Na segunda-feira passada Faranaz Keshavjee escreveu um artigo no jornal “Público” sobre a condição de se ser muçulmana chiita. O artigo “As lendas dos assassinos continuam…”, contextualiza a questão da participação dos chiitas em grupos terroristas, e procura ser mais um exemplo de como as generalizações ao invés de facilitarem a compreensão dos povos, servem apenas a ignorância e a prepotência dos que verberam complacentemente sobre os outros.
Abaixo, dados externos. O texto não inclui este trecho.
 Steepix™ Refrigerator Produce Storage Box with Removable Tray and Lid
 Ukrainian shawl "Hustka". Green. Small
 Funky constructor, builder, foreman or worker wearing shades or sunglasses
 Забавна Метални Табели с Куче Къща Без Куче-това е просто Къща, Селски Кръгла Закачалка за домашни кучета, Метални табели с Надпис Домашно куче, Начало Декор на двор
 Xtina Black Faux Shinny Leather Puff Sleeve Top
Keshavjee procura dar a saber as distinções, as diferentes matizes, que estruturam a cultura chiita, defendendo que as boas condições sociais e políticas criam os povos cultos e pacíficos, e que essas condições, de acordo com a história das nações do Médio Oriente, não foram ainda alcançadas, por isso haverá que procurar não confundir o que se passa com um determinado conjunto de indivíduos sob determinadas condições sociais com toda uma população que não professa necessariamente a cultura do “martírio” no xiismo, não havendo na sua crença religiosa uma predisposição para a violência.
Tem razão Keshavjee quando alerta para o perigo das simplificações grosseiras. Esta é uma arma argumentativa que está constantemente a ser utilizada para quem tem interesse em tomar a parte pelo todo, para simplificar e criar uma cortina de incompreensão que afasta esses indivíduos de uma partilha de humanidade reconhecível. Os portugueses estão constantemente sujeitos a este tipo de alienação na compreensão da sua identidade. Nós próprios temos um prazer confessado de passarmos o tempo a “auto-massacrar-nos” com sarcasmos e ideias preconceituosas sobre o nosso próprio carácter e capacidade de acção, aceitando essa imagem que reflectimos e que voltamos contra nós próprios como ricochete.
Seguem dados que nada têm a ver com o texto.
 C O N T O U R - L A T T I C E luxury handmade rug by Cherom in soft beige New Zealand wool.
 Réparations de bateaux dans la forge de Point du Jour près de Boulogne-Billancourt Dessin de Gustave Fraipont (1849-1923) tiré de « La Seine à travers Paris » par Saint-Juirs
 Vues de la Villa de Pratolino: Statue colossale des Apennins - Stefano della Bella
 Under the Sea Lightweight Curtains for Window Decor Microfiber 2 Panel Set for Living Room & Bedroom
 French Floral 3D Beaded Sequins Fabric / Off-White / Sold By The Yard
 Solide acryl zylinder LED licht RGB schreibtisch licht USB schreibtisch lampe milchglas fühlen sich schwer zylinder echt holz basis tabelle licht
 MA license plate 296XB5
Mas Keshavjee também poderia ter ido mais longe na compreensão da manutenção dos atavismos xiitas que levam à proliferação da cultura da violência, porque há mais de cinquenta anos que esses povos deixaram de estar sob o jugo directo da colonização, e era tempo de as suas elites terem adoptado claramente por valores civilizacionais universais, que não estejam só ao serviço de uma minoria que se sentirá sempre oprimida, sempre injustiçada, sempre pronta a rebelar-se violentamente. E é um sentimento que pode evidentemente expressar-se, sob forma política, não militar e não contra nenhum Estado de direito. Não vejo porque razão no Irão não se resolvem os problemas sociais, económicos e culturais do seu povo, pelo seu povo e não contra nenhum povo. Esta é a estratégia dos déspotas, e não, não temos que falar da sua religião. A ideologia política é suficiente para explicar essa forma de poder. Como o Ocidente sabe muito bem. Demasiado bem, para seu mal.